#### Work instruction:
Starting with the first line of the listing, quote each line exactly until and including the one with "MANGO MAN - Slim-fit", leaving pictures out.

#### Data section:

—————

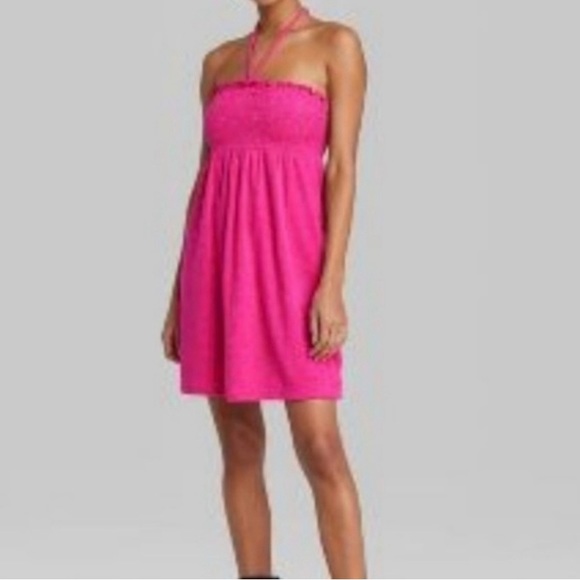 Wild Fable Pink Swimsuit Cover-up Halter Dress Tunic - Picture 2 of 3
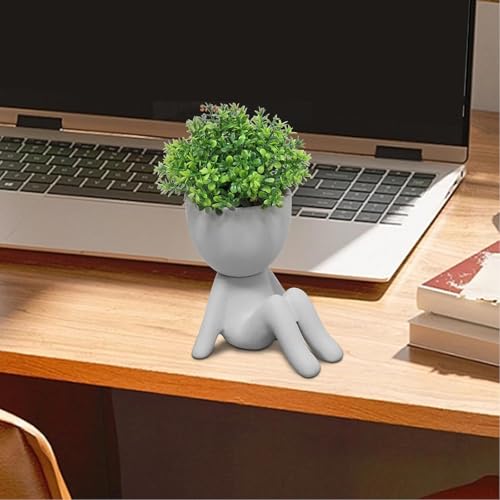 Zerzsy Mini Succulent Plant Fake Plants Succulents Plants Artificial for Home Bathroom Living Room Office Decor Cute Desktop Decoration - color: Cement Gray-b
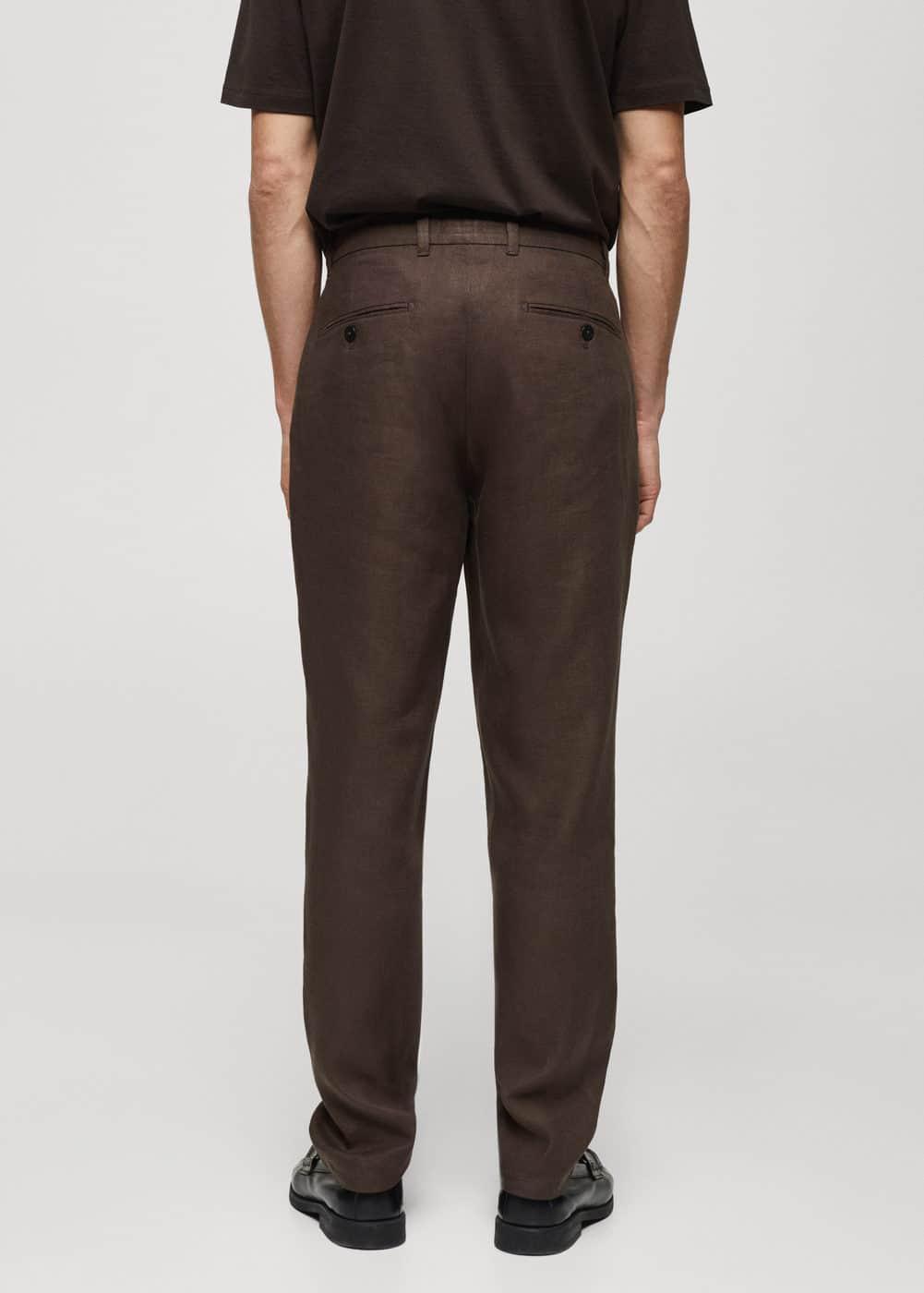 MANGO MAN - Slim-fit 100% linen pants chocolateMen Product Image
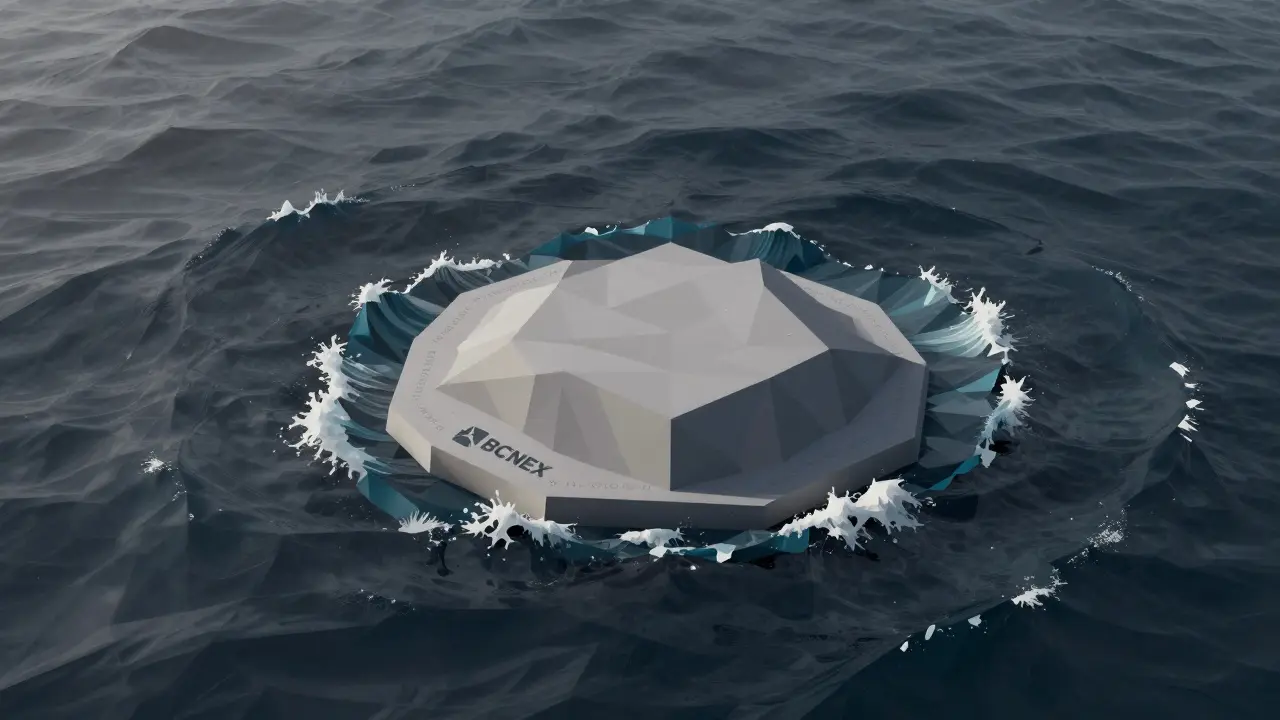 Low poly illustration showing a small trading platform isolated in a sea of large, jagged waves.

—————

#### Answer to the exercise:
 Wild Fable Pink Swimsuit Cover-up Halter Dress Tunic - Picture 2 of 3
 Zerzsy Mini Succulent Plant Fake Plants Succulents Plants Artificial for Home Bathroom Living Room Office Decor Cute Desktop Decoration - color: Cement Gray-b
 MANGO MAN - Slim-fit 100% linen pants chocolateMen Product Image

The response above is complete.